# Tunnel or over the top!



## spence

Hello,

I am thinking of not going through the San Gotthard tunnel at the end of June and having a better view by going over the top.

We have a 6.5m MH on a 2.2ltr transit. Has anybody done this?

Will I have the power and am i too big!!

Thanks

Spence


----------



## CliveMott

The cash sensitive lorry drivers with their artics do!!


----------



## spence

Thanks. Does it take a long time to get over the top and is it worth it?


----------



## SaddleTramp

It is a great trip over the top and it is a very easy one, Go for it some fantastic views

Don't worry about your length I went over with a 34 footer and a 28 footer no probs

Also been over as a "tugger" with a 26 foot caravan and a Land cruiser so total was just over 40 foot.


----------



## Zozzer

spence said:


> Thanks. Does it take a long time to get over the top and is it worth it?

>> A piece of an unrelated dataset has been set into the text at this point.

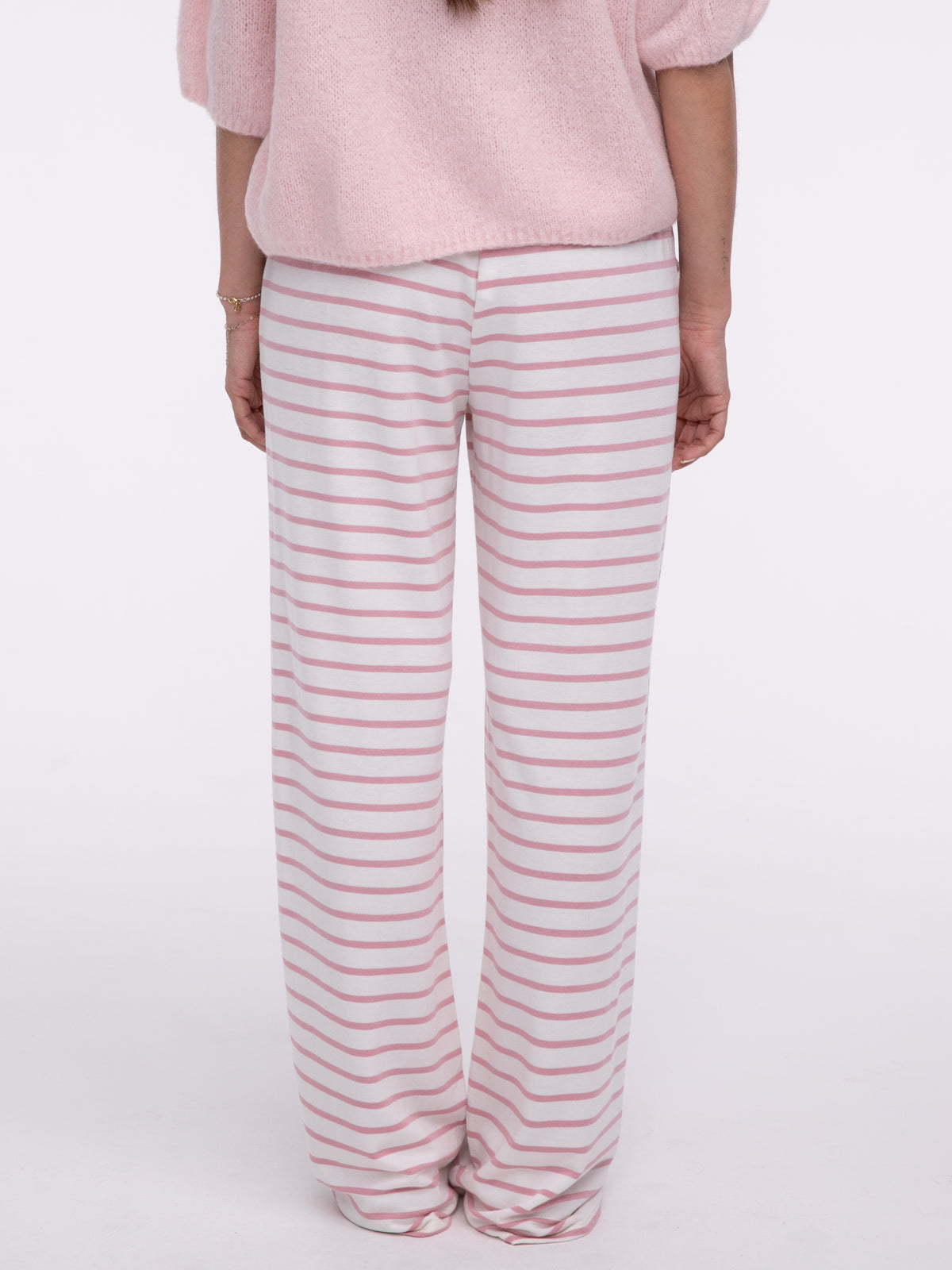 Hose „Agnes“ Rosa Gestreift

I've never been over myself, but this link may inspire you.

http://www.pbase.com/u03mlr/image/31341018

Question is do you want to embark on an adventure over roads you'll remember for the rest of your life, or opt for the safe monotany of a tunnel.

Remember also, the sun dosn't always shine over the alps, and should you get poor visibility due to low cloud or rain over the tops it can be very unnerving if not frightening as we found going over the Furka and Grimsel last year.


----------



## Rapide561

*St Gotthard*

Hi

The pass should be open then, but you might be in thick fog or something. Allow two hours.

Russell


----------



## devonidiot

Did it last year, by accident....took the wrong turing...  

Stsrted to climb..then climb...then climb........

Make sure you drive and not SWMBO, the drops at the side of the van are hair-raising.


----------



## RichardnGill

Wow! 

Just looked at those pictures. I think they should let you through the tunnel for nowt and charge to go over the top. 


Richard...


----------



## Pike

We have done most of the passes with our Swift Gazelle for the last 7 years weekends are very busy with sightseers and m/c`s weekdays are fine with very little traffic. phceh


----------



## Phillip

RichardnGill said:


> I think they should let you through the tunnel for nowt


I thought they did :? I thought thats what the vignette was for :?

Went through Switzerland earlier this year, and through some darn long tunnels and didn't pay for any of them, just for the vignette.


----------



## barryd

Yes I thought the Gotthard was free as well. Well it was when we went through it in July. Unless there is a charge if your over a certain weight but didnt see any toll booths. Looking at those pics though I wish we had gone over the top, looks fantastic. My navigator doesnt do map reading so I just have to rely on the TomTom and to be honest as it was our first trip to the Alps I just went for the easy option. Next time though If the weather is clear I reckon over the top and maybe even spend a night up there if possible.


----------



## greenasthegrass

> Make sure you drive and not SWMBO, the drops at the side of the van are hair-raising.


That's a bluddy sexist comment and half!

Yeh you are a Devon Idiot!

Greenie


----------



## camper69

Phillip said:


> RichardnGill said:
> 
> 
> 
> Went through Switzerland earlier this year, and through some darn long tunnels and didn't pay for any of them, just for the vignette.
> 
> 
> 
> So did I there and back to Italy. By the time I got back to Germany I was totally sick of tunnels.
> 
> Derek
Click to expand...


----------



## homenaway

Hi,
We came back over the St Gothard pass late June this year on a fantastic clear day in our AS Symbol. 

Its a long climb up from Airolo but a good wide road. Make sure you turn off at the top to the cafe and carparks. Several MH's were parked there and a vintage coach  . The roads were clear but the snow was about fifteen foot high at the sides.

I think the Grimsel and Nufenen passes were still shut then.

Steve


----------